Kathryn O’Connor News Editor
The Office of Multicultural Affairs (MCA) hosted celebrations in observance of National Hispanic Heritage Month from Sept. 15 to Oct. 15.
The annual celebration recognizes the histories, cultures and contributions of American citizens whose ancestors came from Spain, Mexico, the Caribbean and Central and South America.
Heritage months allow individuals to learn more about their cultural background and broaden their perspectives. Sierra Rosbey, the multicultural program coordinator, collaborated with the university and community partners to build extensive cultural programming events.
“As a department, we pride ourselves on supporting people from all cultures, backgrounds and ethnicities,” Roseby said. “We thrive on social engagement by creating hyper-positive experiences while promoting diversity and inclusion. These cultural celebrations provide the opportunity to recognize the complexities and richness of each identity that is on our campus.”

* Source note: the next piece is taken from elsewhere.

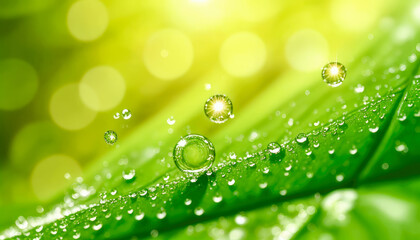 Water drops on green leaf abstract background. bright greenery in large drops after rain. beautiful natural background. Generative AI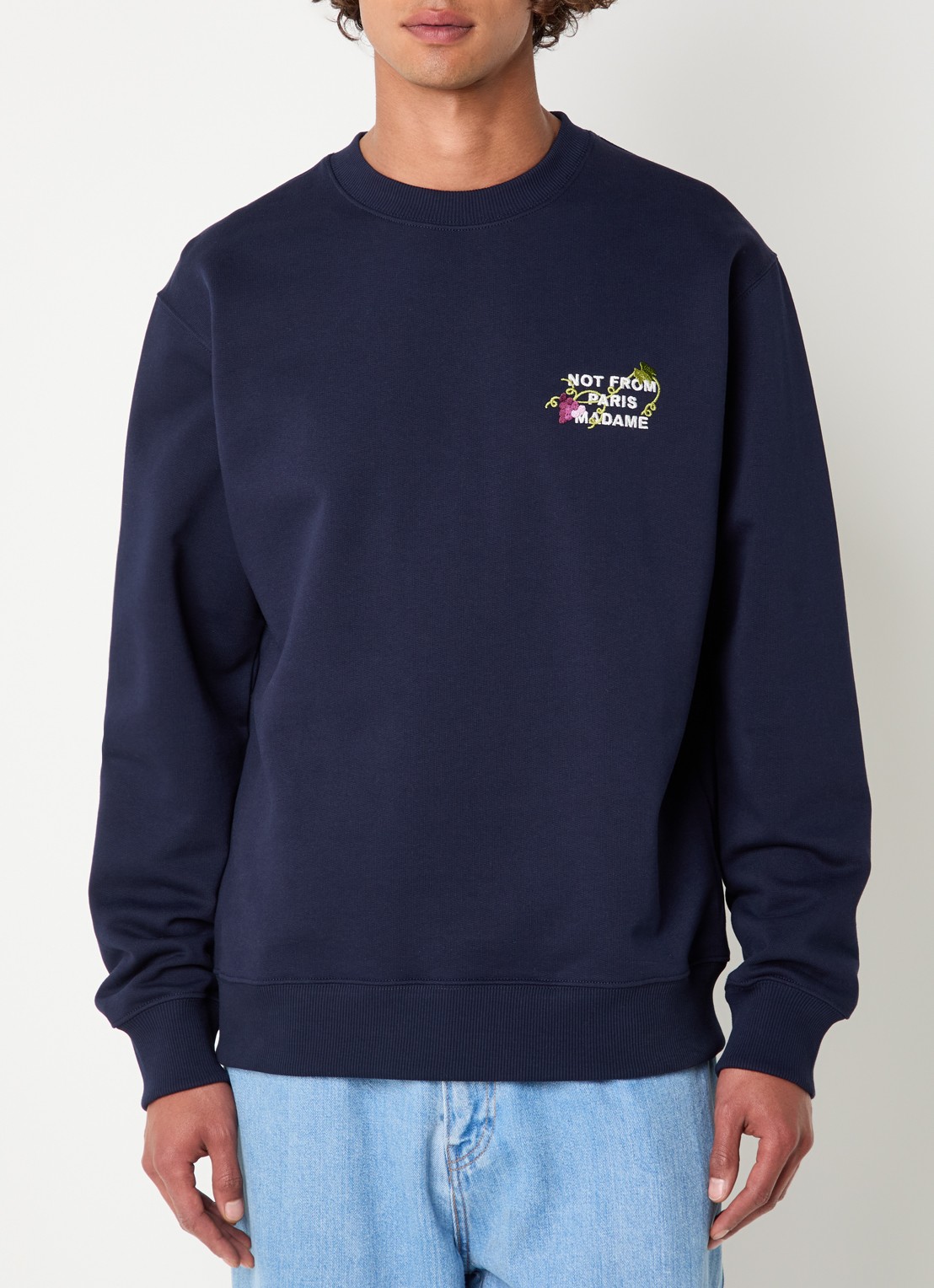 Drôle de Monsieur Vine sweater met borduring en backprint - achterkant 4 donkerblauw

The annual event engaged students across campus. The month-long celebration began with Alejandro G. Iñárritu’s Academy Award-winning virtual reality experience CARNE y ARENA, which explored the human condition of immigrants and recounts their harrowing journey. Sammy Figueroa and his Latin Jazz Ensemble also played for students.
“Celebrating Hispanic Heritage Month amplifies Latinx voices and shines a light on the Hispanic community, while providing a space for people to remember their past and look to the future,” Roseby said. “As a department, MCA partners with the campus and Omaha community to educate and build awareness by hosting programming events centered around the Hispanic community. This heightens visibility and welcomes others to observe and participate in traditional customs.”
Típico Helado and Salmex Restaurant also participated in the celebration, allowing students to learn about Hispanic Heritage Month while eating their favorite cuisine.
This honoring and support can go beyond this month of celebration.
One of the best ways students can continually support the Hispanic community is to take the time to research important figures and their accomplishments in society.
Many museums feature Latinx installations during Hispanic Heritage Month, while some collections are highlighted throughout the year. Students can also consider cooking classes or reading Hispanic literature, then incorporating what is learned into their life. People can support local Latinx businesses, restaurants and groceries in the Omaha community.
“It’s important for people to be educated about the history and contributions of all cultures,” Roseby said. “The rich history of the world helps us to paint a detailed picture of where society stands today. Through education, people can create a deeper understanding of differences.”